New details have emerged indicating that Oscar-winning screenwriter Mark Boal tweaked the critically acclaimed movie at the CIA's behest. But ZDT is hardly the first: Many big films, including Top Gun , have done the same thing.
Via: Columbia Pictures Industries, Inc., Jonathan Olley, File / AP
A newly released memo has revealed that Mark Boal, the screenwriter-producer of the Kathryn Bigelow-directed film about the hunt for Osama bin Laden, agreed to take out a number of elements of his original screenplay that the CIA found objectionable. It's well-known that Boal worked closely with the intelligence agency while researching his script, but the degree of the collaboration was not clear. Now, it's been revealed that, in an unofficial quid pro quo for access to top military officials (including a very lengthy chat with Under Secretary of Defense Mike Vickers and a Navy SEAL) and other substantive assists, Boal removed a couple of scenes that the CIA found objectionable when he ran briefed them the screenplay — including one that showed military members drinking and firing AK-47s on a rooftop in Islamabad, as well as any indication that the intrepid lead character, played by Jessica Chastain, engaged in "enhanced interrogation" (aka torture). Using dogs in torture was axed, too.

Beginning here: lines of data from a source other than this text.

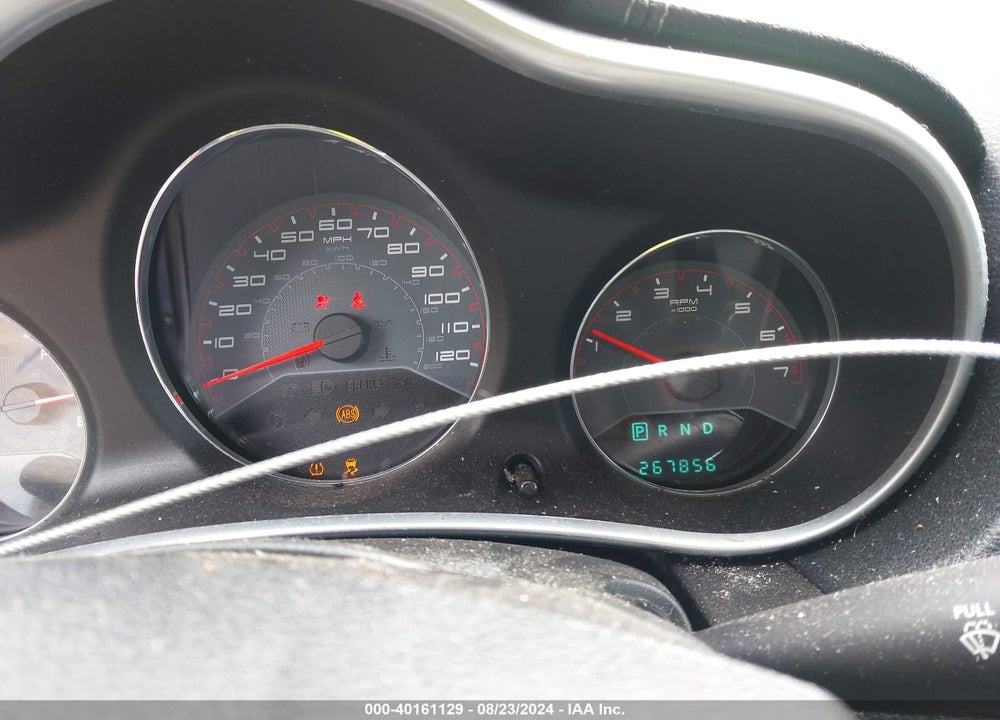 2012 DODGE AVENGER SE VIN: 1C3CDZAB9CN129159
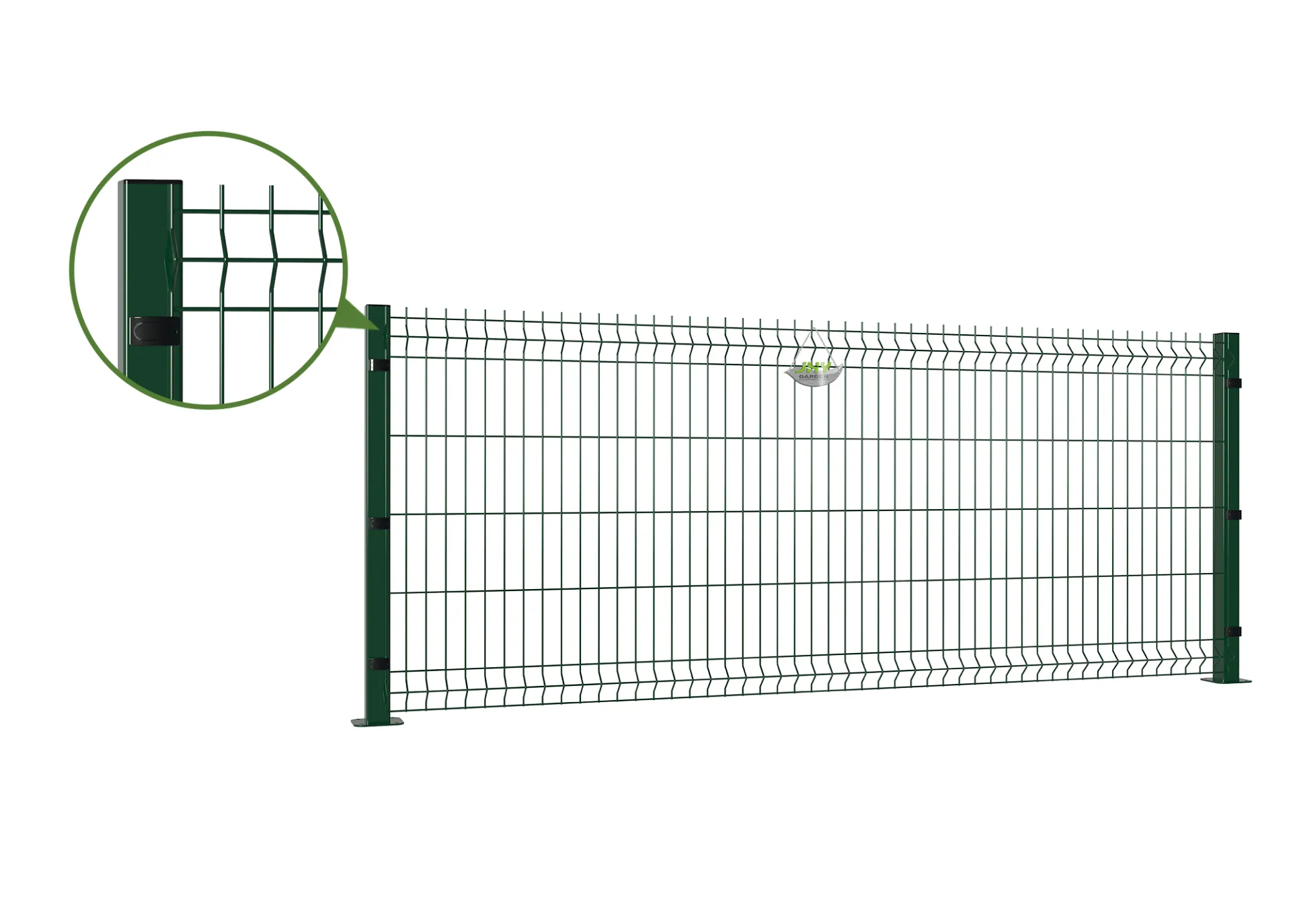 Welded Wire Euro Fence Panel1030mm (2).webp2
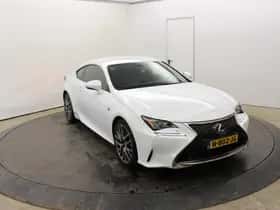 Lexus RC (2017) thumbnail 66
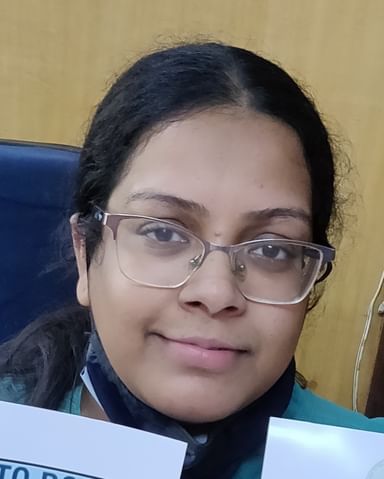 Nishtha Nangalia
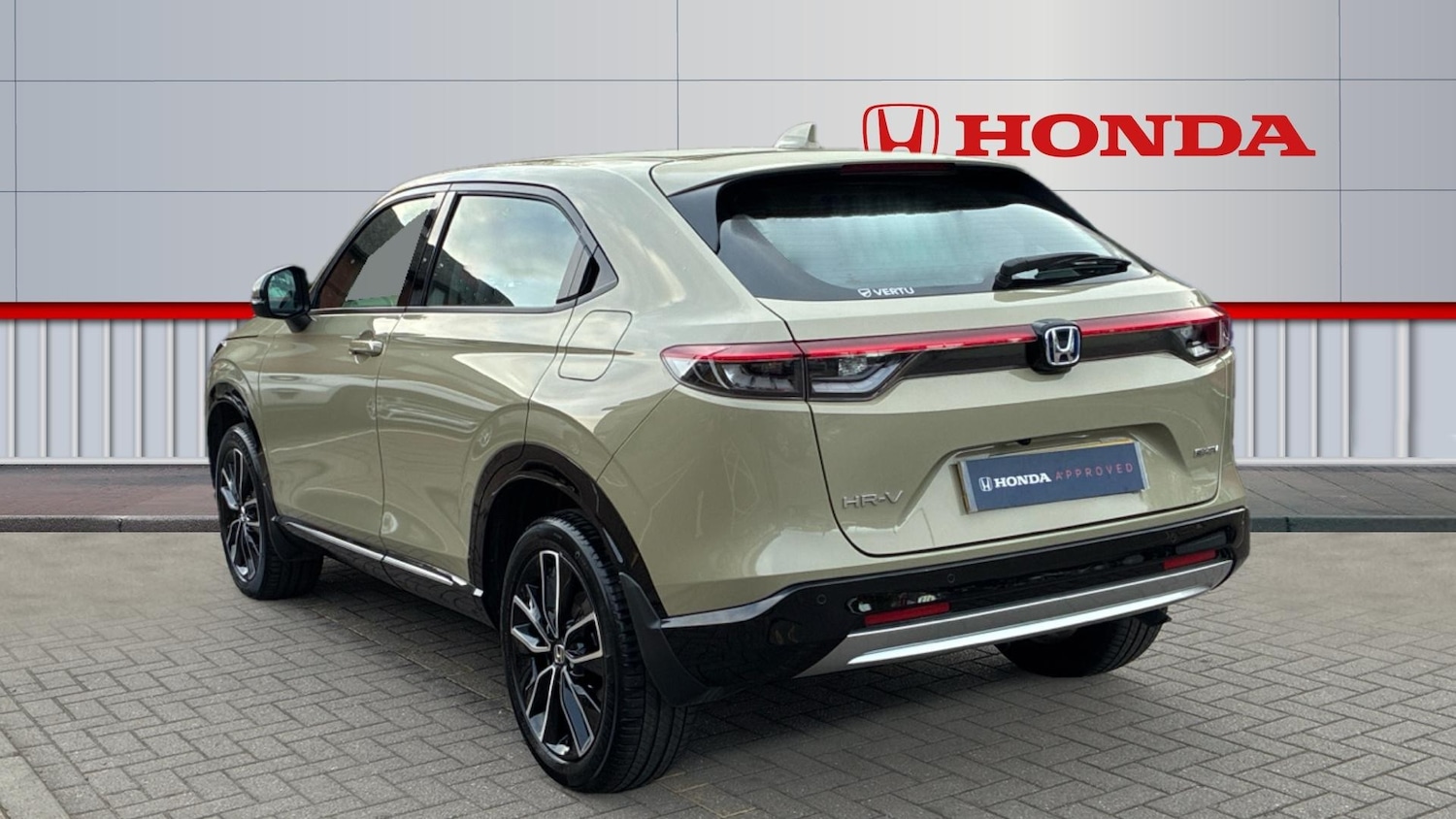 Used Honda HR-V 2024 for sale - 76352029: Photo 3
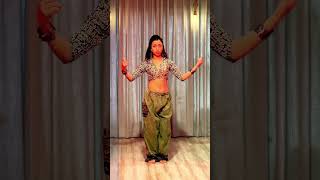 Mayya Mayya hip hop remix | Belly Dance | Olivia Saha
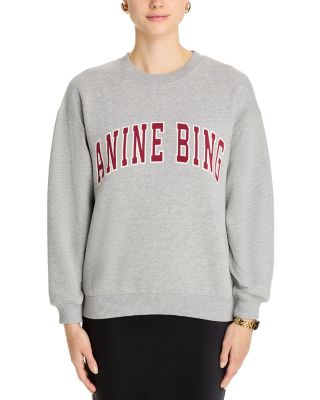 Spencer Sweatshirt  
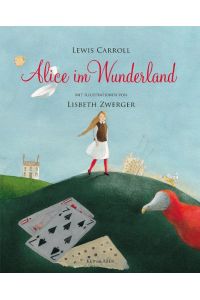Alice im Wunderland  - Alice´s Adventures in Wonderland
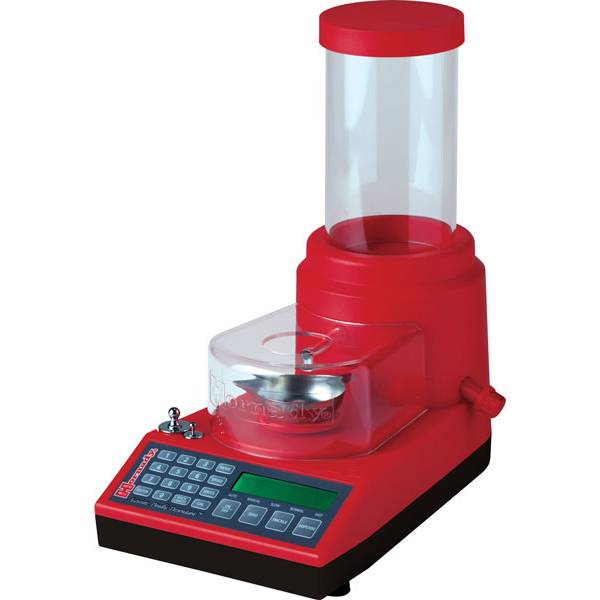 Hornady Lock-N-Load Auto Charge Powder Scale product image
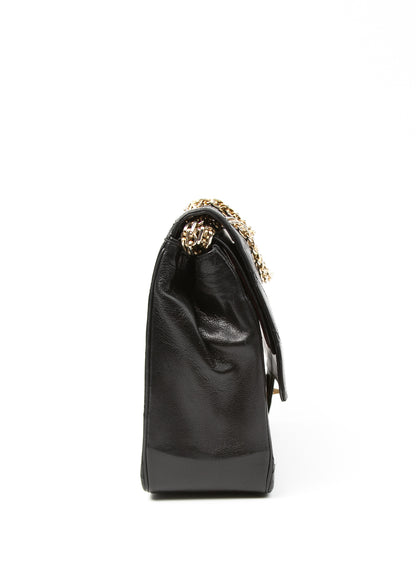 Chanel Double Flap Bag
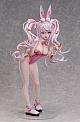 FREEing Shouri no Megami: NIKKE Alice: Wonderland Bunny 1/3 Plastic Figure gallery thumbnail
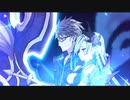水着ブリュンヒルデ宝具にGガンダムのBGM入れてみた。【FGO×Gガンダム】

Though the movie was released after the November presidential election, it was accused as being a vehicle to promote President Obama's efforts in the War on Terror, and so the CIA's involvement came under scrutiny by many in Congress and the media. The truth, however, is that the American military has exercised influence on film since the first Oscars in 1927.
The Department of Defense makes available material and strategic support for movie productions — think tanks, planes, ships and consultation — at low rates. But there is another kind of price: creative freedom. The deal is that if you want the help, you've got to submit your script to the DoD, which subjects it to review and asks for changes to anything it finds objectionable.
If a filmmaker declines to make the changes, they're free to go make the movie on their own, but they won't get the help from the military that they had requested. Here are some of the biggest hits that have worked within the system — and some that haven't.
Top Gun
The Navy went all in on this one, going so far as setting up recruitment tables outside movie theaters screening this Tony Scott-directed, Jerry Bruckheimer-produced flick, along with supplying planes and other material goods.
They worked closely on the script, and one of the changes they requested was having Kelly McGillis' character be a civilian, not an enlisted woman; relationships between soldiers were not allowed.
Source: weeatfilms.com
Battleship
The one thing the Navy wanted changed about the 2012 board game-turned-alien invasion film was director Peter Berg's casting of a fat sailor.
“I cast without meeting him,” Berg said in an interview. “I saw him just on video. He was 35 pounds overweight. The Navy consultants had a ‘body-fat’ rule. They said ‘he’s too fat, don’t use him.’ I had to get rid of him. That was the only issue I had with the Navy.”